Marcello Minennaneo assessore al Bilancio della giunta Raggi, andrà in aspettativa dal suo incarico di dirigente dell’ufficio Analisi quantitative della Consob. Secondo Il Messaggero a deciderlo, dopo che nei giorni scorsi un gruppo di deputati Pd aveva sollevato la questione dell’incompatibilità tra i due incarichi, è stata la stessa commissione presieduta da Giuseppe Vegas nel corso di una riunione che si è tenuta venerdì. Il collegio dei commissari, stando al quotidiano romano, ha votato all’unanimità chiudendo così l’istruttoria sul caso. Minenna dovrà dunque occuparsi a tempo pieno della gestione delle Finanze e delle società partecipate del Campidoglio.
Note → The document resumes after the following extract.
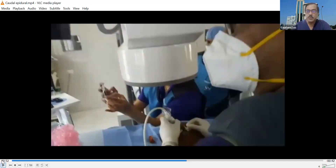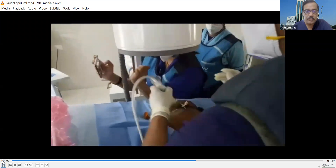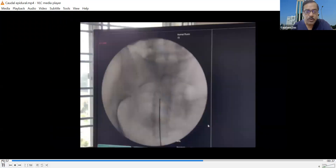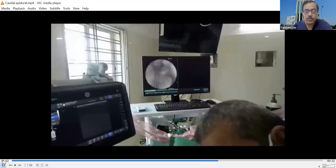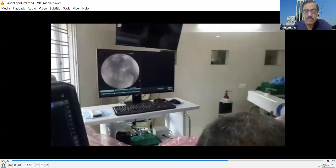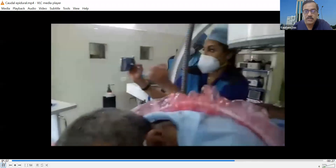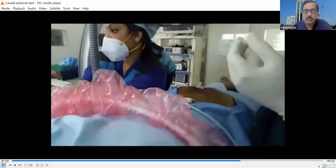At this stage, we must be checking the distribution of the dye. We can introduce the needle further under fluoroscopy (CM) guidance and inject dye. We have introduced the needle under fluoroscopy guidance and are at the level of sacral three. Before giving the particulate steroid injection, we must give a dye injection to confirm it is not intravascular or intrathecal.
Tre membri del collegio su cinque, scrive Il Messaggero, si sono espressi per far scattare la sospensione dal servizio in modo retroattivo, fin dal giorno della nomina.

A ufficializzarlo sarà lo stesso Minenna, che venerdì pomeriggio aveva definito “noiose” le polemiche sul doppio incarico spiegando che sarebbe stata appunto “la Consob a decidere se lasciarmi completamente libero di andare, concedendomi la aspettativa che è atto dovuto, ovvero tenere conto della mia dichiarata disponibilità a continuare a collaborare con l’Autorità di vigilanza, seppure in via necessariamente ridotta attesa l’importanza e complessità dell’incarico che ho assunto”.

In precedenza, il docente di Finanza che è da anni ai ferri corti con Vegas aveva affermato di voler mantenere la guida dell’ufficio Analisi quantitative, rinunciando però allo stipendio da assessore del Comune di Roma. Una scelta contestata in un’interpellanza urgente firmata da 36 parlamentari del Partito democratico al presidente del Consiglio, al ministro dell’Economia e a quello della Pubblica amministrazione, in cui si chiedeva di chiarire “gli orientamenti del governo rispetto all’incompatibilità, sancita dal decreto legge istitutivo e dal regolamento della Consob, del neo-assessore al Bilancio della giunta di Roma nel caso in cui mantenesse l’incarico come dirigente della stessa Consob”. Infatti il decreto legge di istituzione della Commissione, all’articolo 2, “stabilisce che ‘al personale in servizio è in ogni caso fatto divieto di assumere altro impiego o incarico o esercitare attività professionali, commerciali o industriali’. La situazione che si viene così a configurare desta stupore e preoccupazione”.